Sull’argomento si sono pronunciate due recenti sentenze della CTR della Lombardia: le sentenze n. 2007/2023 e n. 1690/2023.
I giudici tributari del merito, pur nella consapevolezza della diversità degli orientamenti manifestatisi sul tema, ritengono che ai contratti di locazione con clausole penali vada applicata una tassazione unica. È vero, infatti, che in un unico documento contrattuale sottoposto a registrazione possono in concreto rinvenirsi più “disposizioni” reciprocamente connesse e dipendenti non per “necessità” di legge, ma solo per la volontà contrattuale delle parti: così è, ad esempio, nel caso di cessione di un ramo d’azienda e di collegata, dipendente cessione dei contratti di locazione degli immobili aziendali, ovvero anche nel caso di più cessioni condizionalmente collegate di quote societarie da diversi cedenti a diversi cessionari.

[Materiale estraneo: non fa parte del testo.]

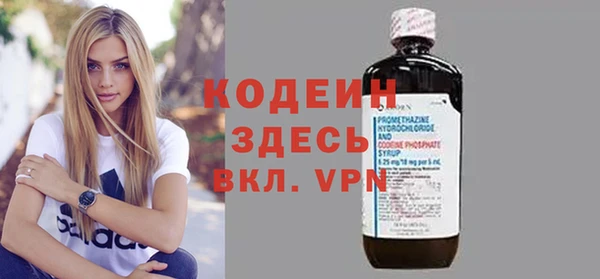 стаф Нефтекумск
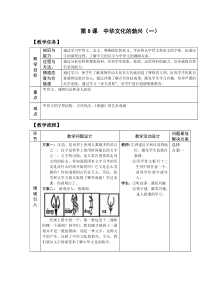 第8课中华文化的勃兴(一)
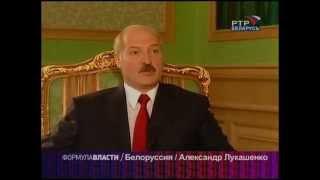 Формула Власти - Белоруссия - Александр Лукашенко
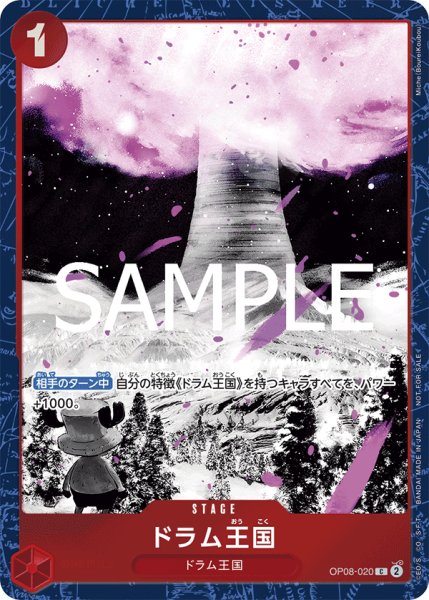 画像1: ドラム王国(プロモーションパックEXvol.2版)【C】《赤》{OP08-020} (1)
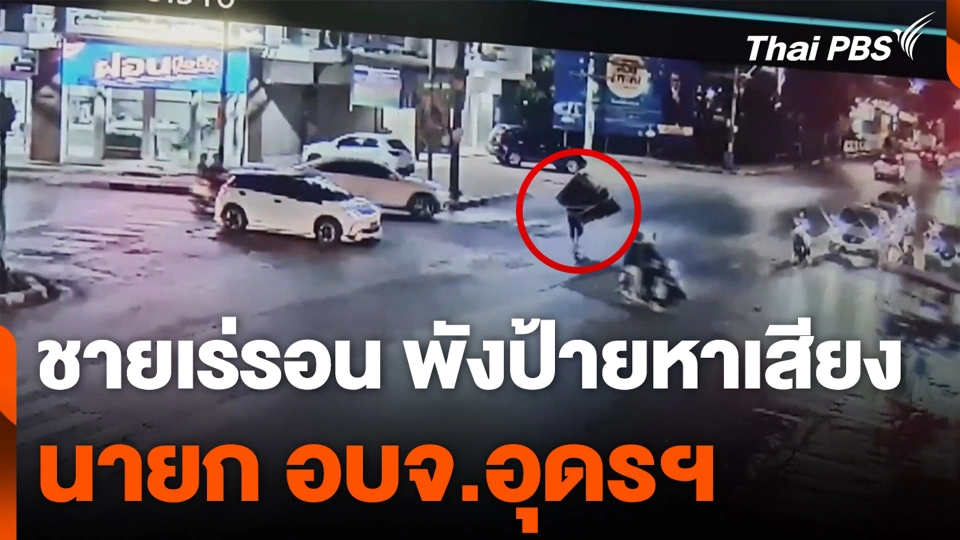 จับชายเร่รอน พังป้ายหาเสียงนายก อบจ.อุดรฯ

In tali casi, appunto, si applica, all’evidenza e secondo l’insegnamento della Cassazione, la regola dell’art. 21, comma 1, del D.P.R. n. 131/1986.

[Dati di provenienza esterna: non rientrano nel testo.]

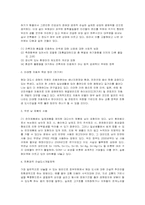 [친환경도시] 친환경적인 도시-19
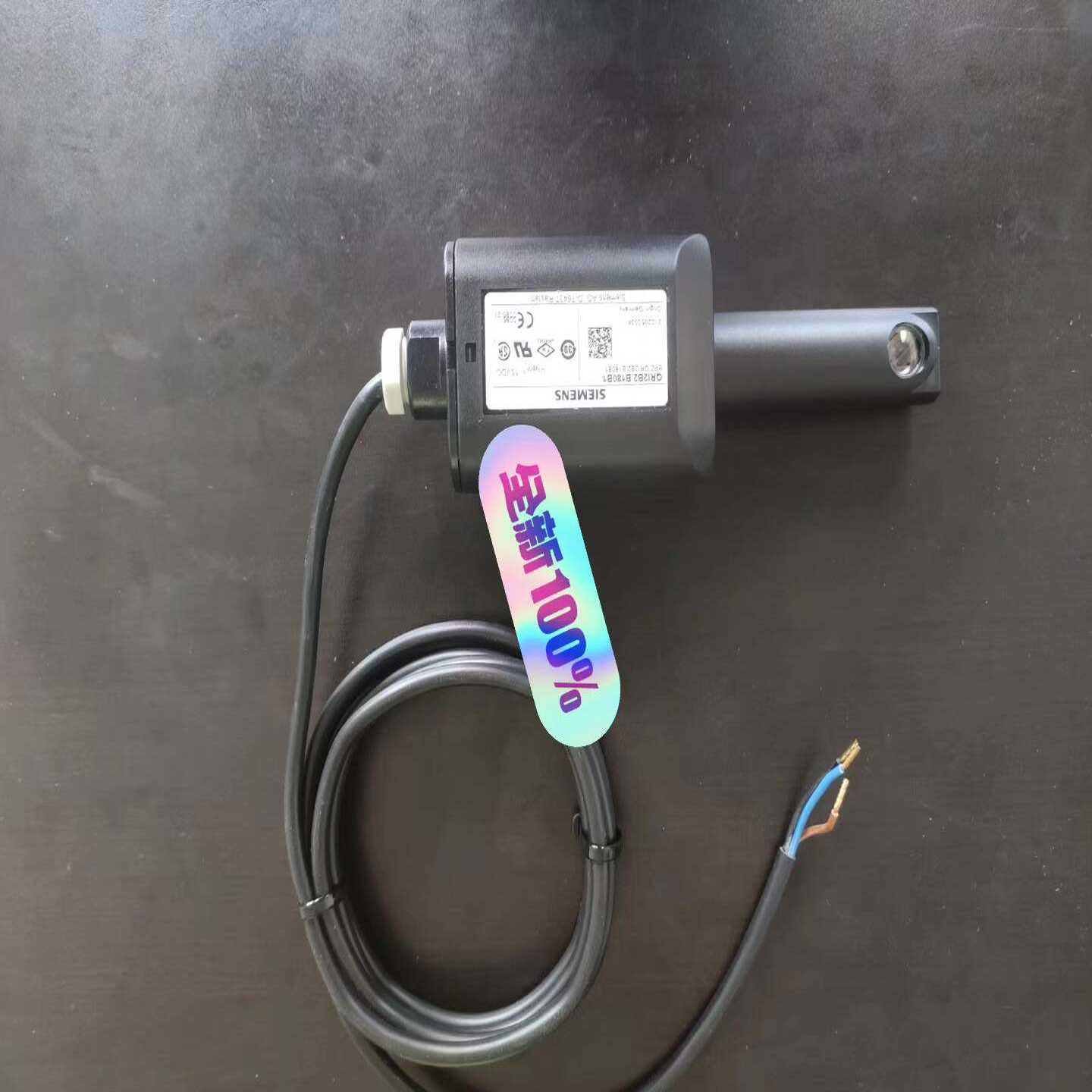 QRI2B2.B180B1西门子原装火焰探测器,全新正品有包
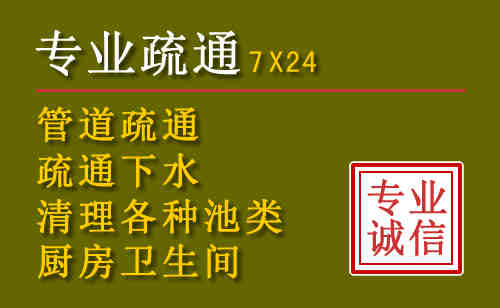 芗城区污水池清理抽污案例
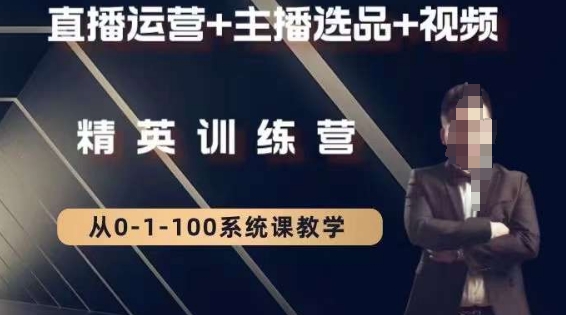 钏山甲大狼高级直播运营系统课，直播运营+主播选品+视频-沐风资源库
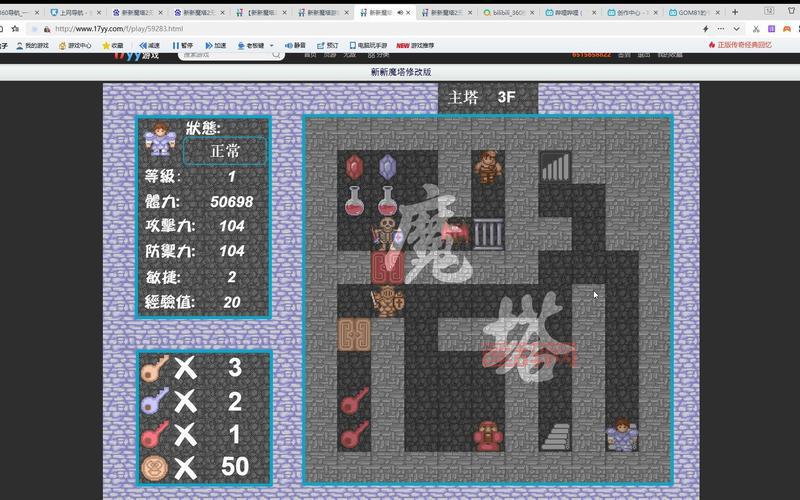 新新魔塔2攻略大全：从新手入门到通关技巧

Ma questi stessi precedenti di legittimità chiariscono anche, a contrario, l’univoca ratio della normativa, per cui la tassazione deve essere invece unica allorché le disposizioni da registrare derivino “per loro natura” l’una dall’altra, come nel caso in esame la clausola penale dal contratto di locazione, nel senso che la pattuizione della penale è “per sua natura” necessariamente connessa al contratto cui accede, non può sussistere da sola prescindendo da quel contratto.

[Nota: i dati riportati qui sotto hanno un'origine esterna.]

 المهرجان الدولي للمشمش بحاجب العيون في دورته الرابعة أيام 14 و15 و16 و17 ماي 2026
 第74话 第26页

La clausola penale ha infatti, in quanto tale, lo scopo di sostenere l’esatto, reciproco, tempestivo adempimento delle obbligazioni “principali” assunte con il contratto cui accede. La clausola non ha quindi una causa “propria” e distinta, ma una funzione “servente” rispetto a quella del contratto nel quale è contenuta. Il discrimine, in altri termini, per l’applicazione, o meno, di una tassazione unica è tra più negozi collegati, ciascuno adeguatamente giustificato sotto il profilo causale (come le diverse cessioni citate), e un unico negozio “complesso” – come il contratto di locazione in esame -contrassegnato da un’unica causa dalla quale derivano tutte le diverse “disposizioni” pattuite nel documento da registrare (dal tempestivo pagamento del canone alla sua periodicità, dal rilascio dell’immobile fino al pagamento dell’eventuale penale).
È evidente, affermano i giudici tributari con le sentenze citate, che mentre in quei primi casi indicati di molteplicità delle cessioni si manifesta una maggiore capacità contributiva che giustifica l’ulteriore tassazione, lo stesso non può dirsi con riferimento alla previsione di una penale condizionata ad un eventuale futuro inadempimento contrattuale.